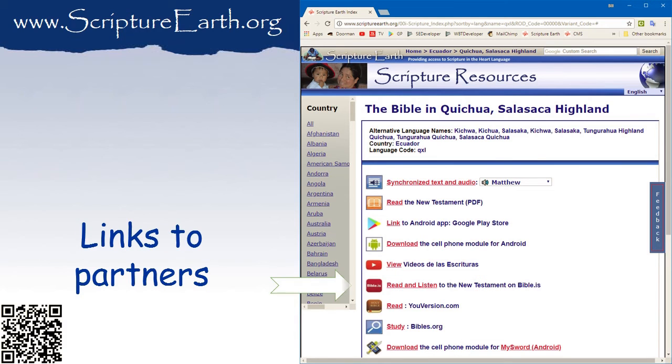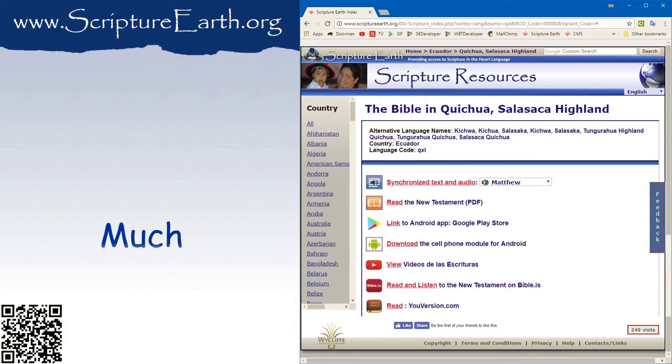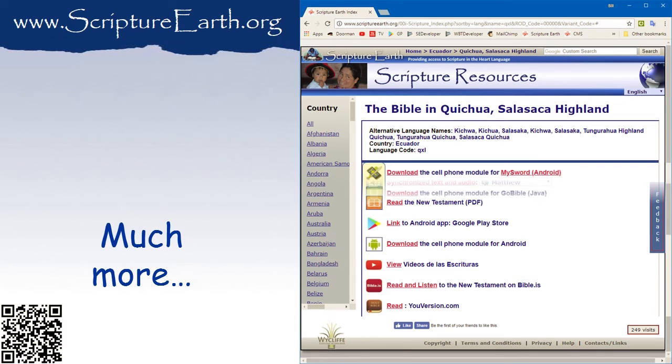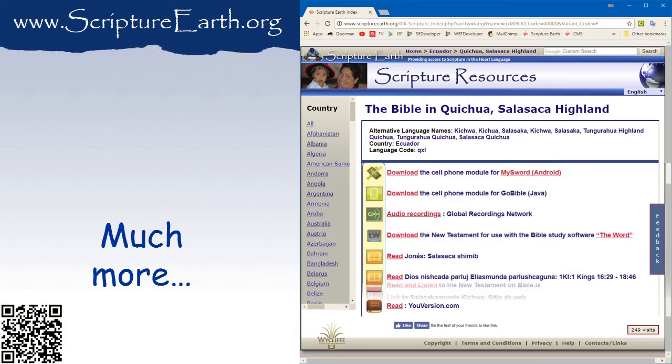We provide links to the resources of other partners like BibleIs, YouVersion, and others. So check out the wide variety of products and services.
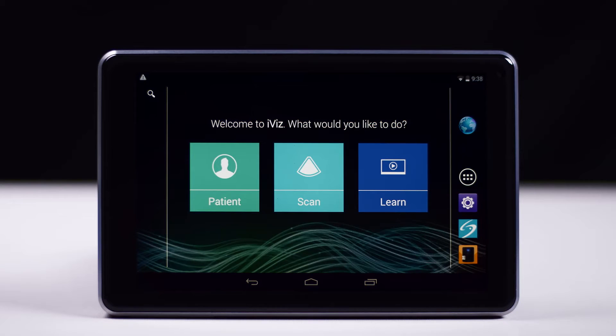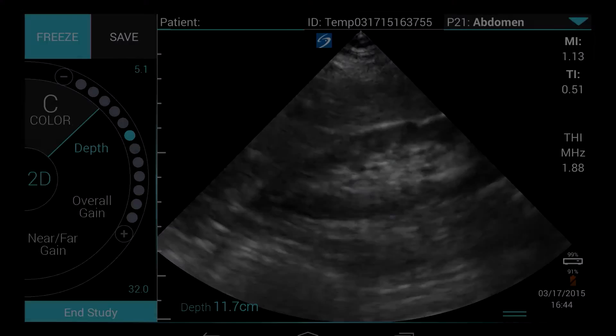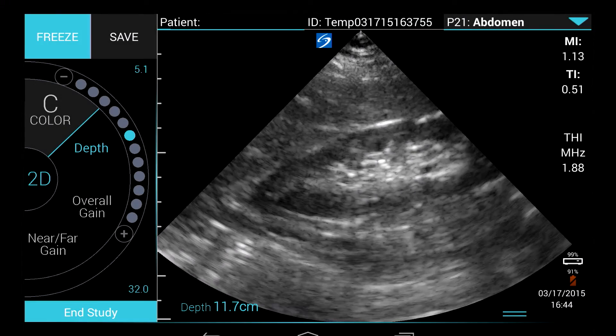Welcome to the help video, Taking Measurements. In this video, we will walk you through how to take a general measurement with your iViz ultrasound system.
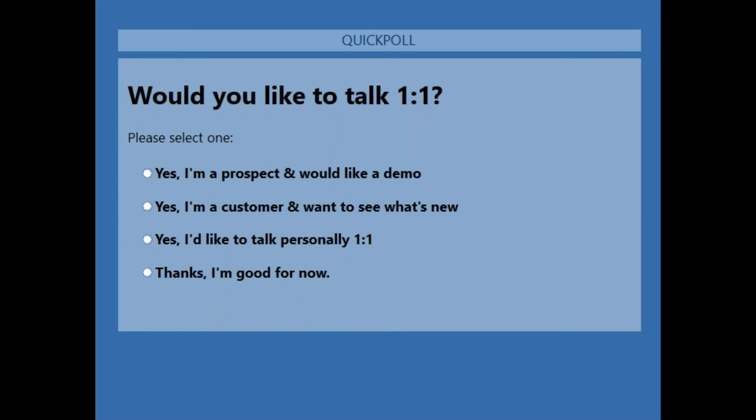That looks like the last question. Thanks everyone for all your great questions. This marks the end of our webinar. If we didn't get to your question, or if you have another question, we will follow up with you. You'll receive an email with the link to the recording of this webinar. Thanks for joining and have a great day. Take care.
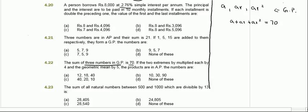After this, it says that if the two extremes — meaning the first term a and the last term ar squared — are multiplied each by 4, and the geometric mean by 5.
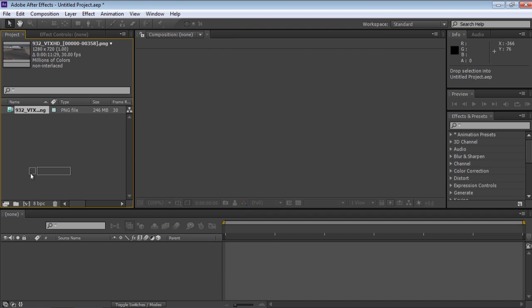In the Project window, move the selected file onto the New Composition icon to create a new composition.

# TASK GOAL
The reply should hold only the lines from the first line of the records above through the line containing "Welcome to the", copied exactly and without pictures.

# OUTPUT OF THE TASK
We provide links to the resources of other partners like BibleIs, YouVersion, and others. So check out the wide variety of products and services.
Welcome to the help video, Taking Measurements. In this video, we will walk you through how to take a general measurement with your iViz ultrasound system.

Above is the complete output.